Why the rich get richer

   < < Go Back

by Amanda Marcotte,

from USAToday,

Washington should stop subsidizing the wealth of the 1% and invest in a living wage.

If you open your paycheck — or, in our modern era, check your deposit statement online — and feel a crushing sense that it’s just not as big as it should be, odds are you’re not an egotist or delusional. Working Americans increasingly just don’t make enough to pay the bills, in no small part because the wealthy people we work for would rather just keep that money for themselves rather than share it with the people who earned it for them. It’s a sad state of affairs that is becoming economically untenable for this country.

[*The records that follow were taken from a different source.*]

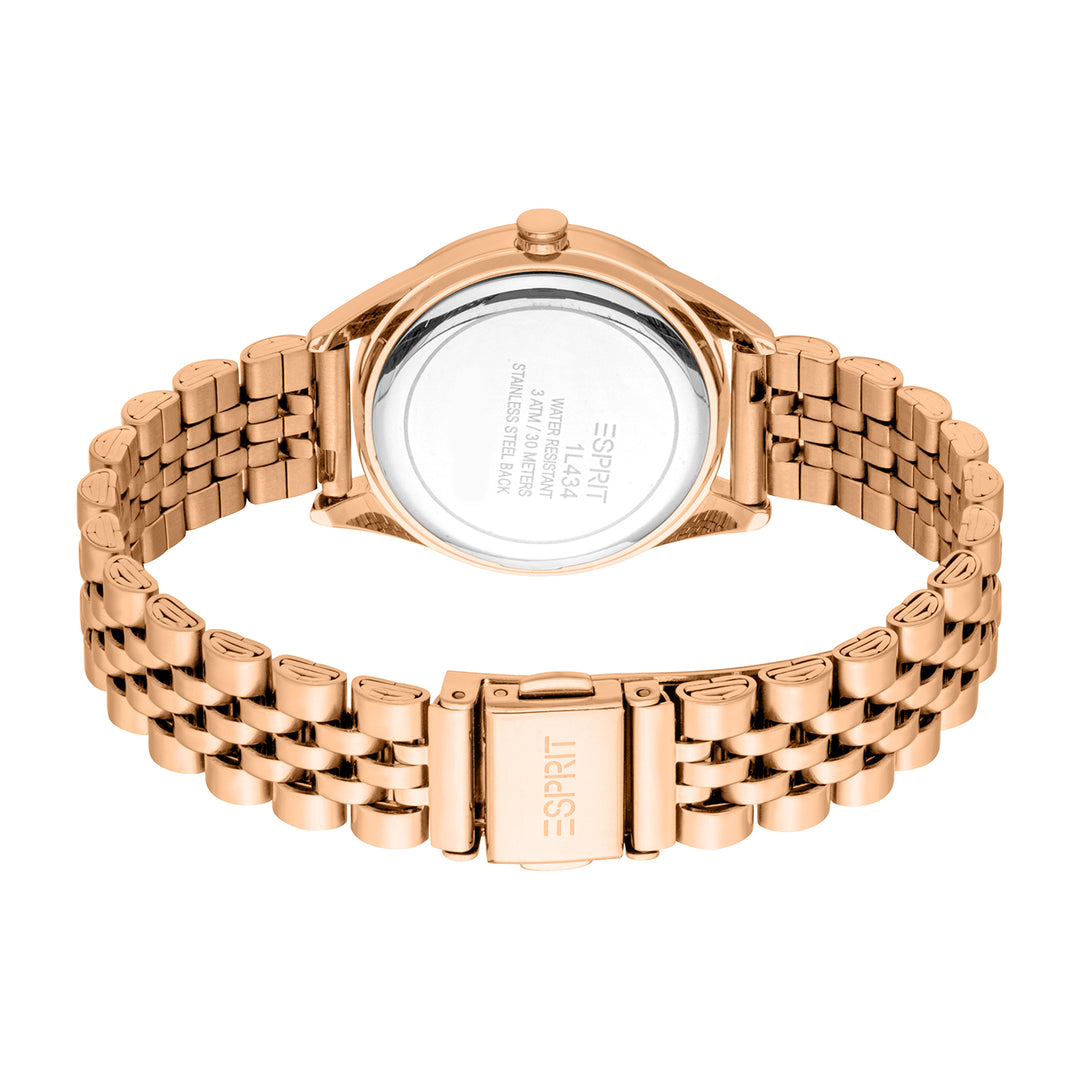 Esprit Women's 30mm Fashion Rose Gold Color Dial Watch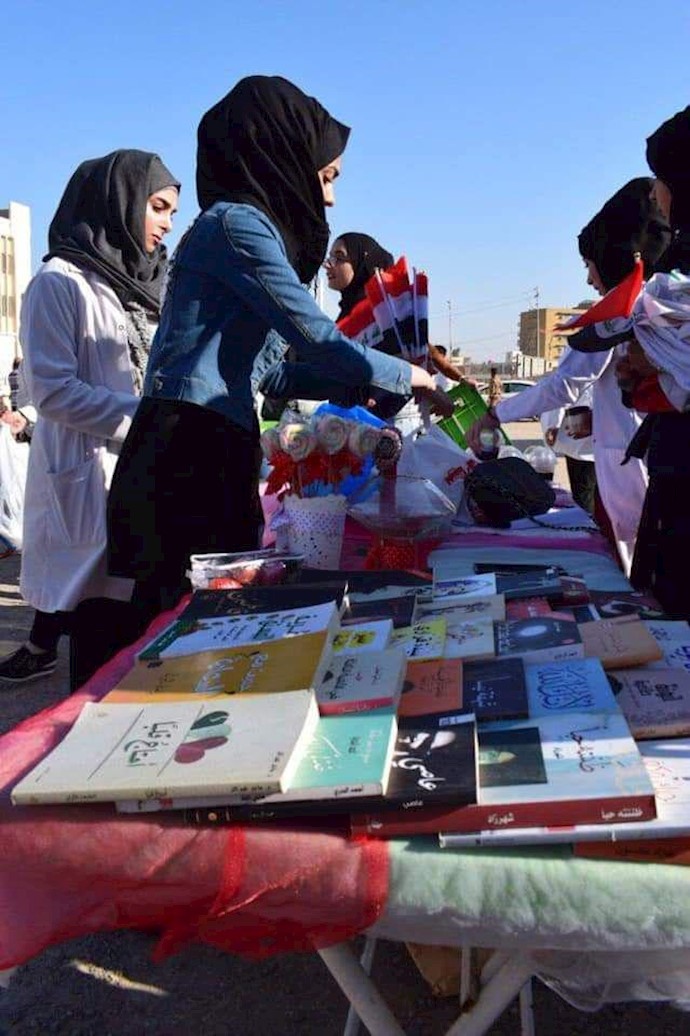استمرار اعتصاب عمومی در عراق -بصره -اعتصاب دانشجویان پزشکی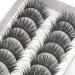 3D Stereoscopic Multilayer False Eyelashes Thick Natural Handmade Full Strip Lashes Style False Eyelashes for Gilr Beauty -Black - Buy Online on GoSupps.com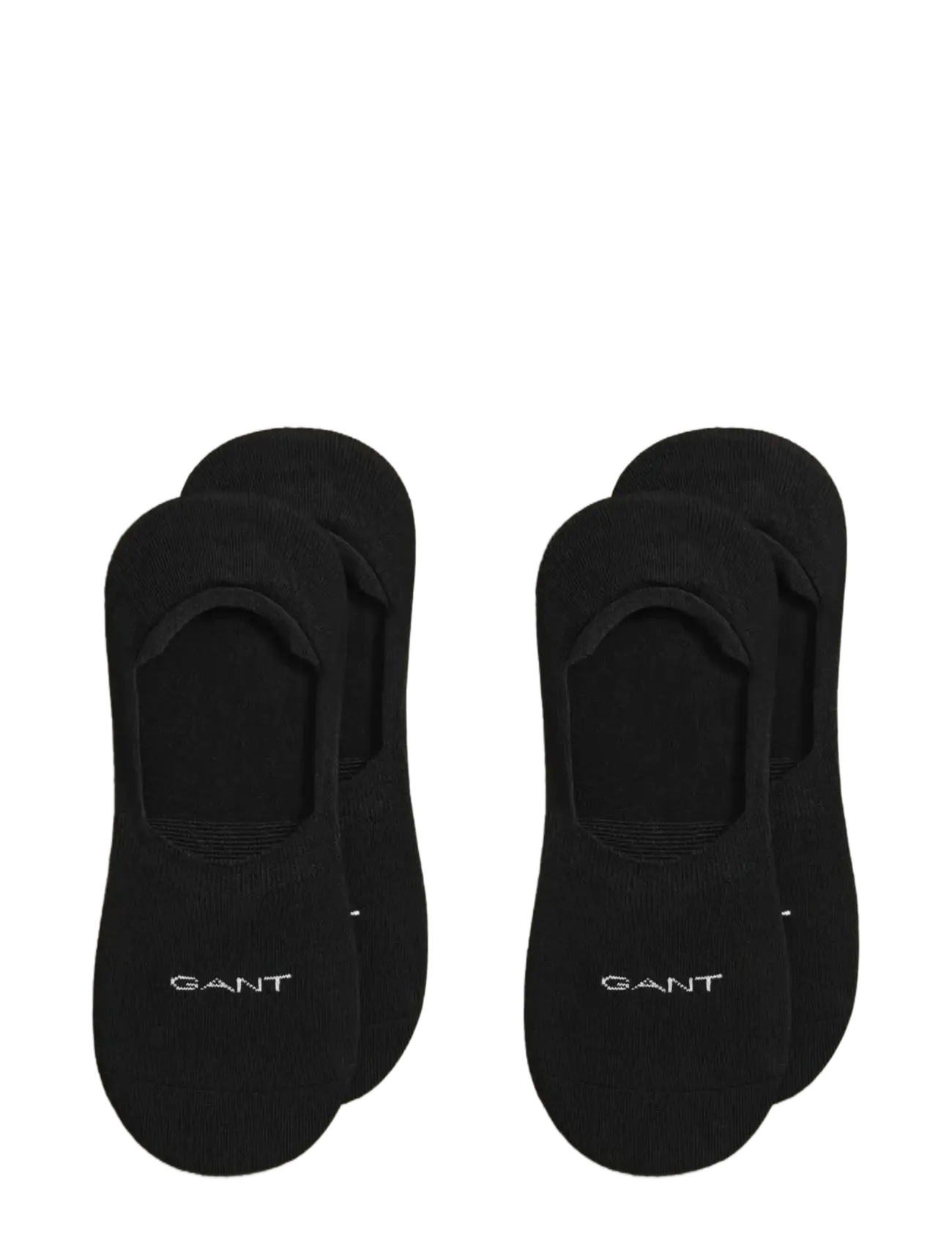 Gant INVISIBLE SOCKS 2-PACK - Undertøj - BLACK / black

A new paper out by economists Emmanuel Saez and Gabriel Zucman shows that the bottom 90% of Americans owns less than a quarter of the country’s wealth, down to 23% from a high of 36% in the mid-80s. This is the lowest amount of the country’s wealth controlled by the middle and working classes since 1940. Back then, New Deal-era economic policies were allowing working people to keep an increasing amount of the wealth they created, but since the mid-80s, there’s been a dramatic downturn, as the top 10% hoard most of the wealth while the rest of us watch our savings accounts dwindle. Really, it’s more like the top 1%, as the Occupy Wall Street protesters would say, who own almost 40% of the country’s wealth. One-tenth of 1% of Americans — about 16,000 families — owns over 11% of our country’s wealth, which is more than the bottom two-thirds of us combined.

A lot of the reason for this growing gap in wealth between the rich and the rest of us is due to income inequality. “The bottom 60% of Americans have experienced a lost decade of either stagnant or falling wages since 2000 despite increasing their productivity 25% over the same period,” Bryce Covert at ThinkProgress writes.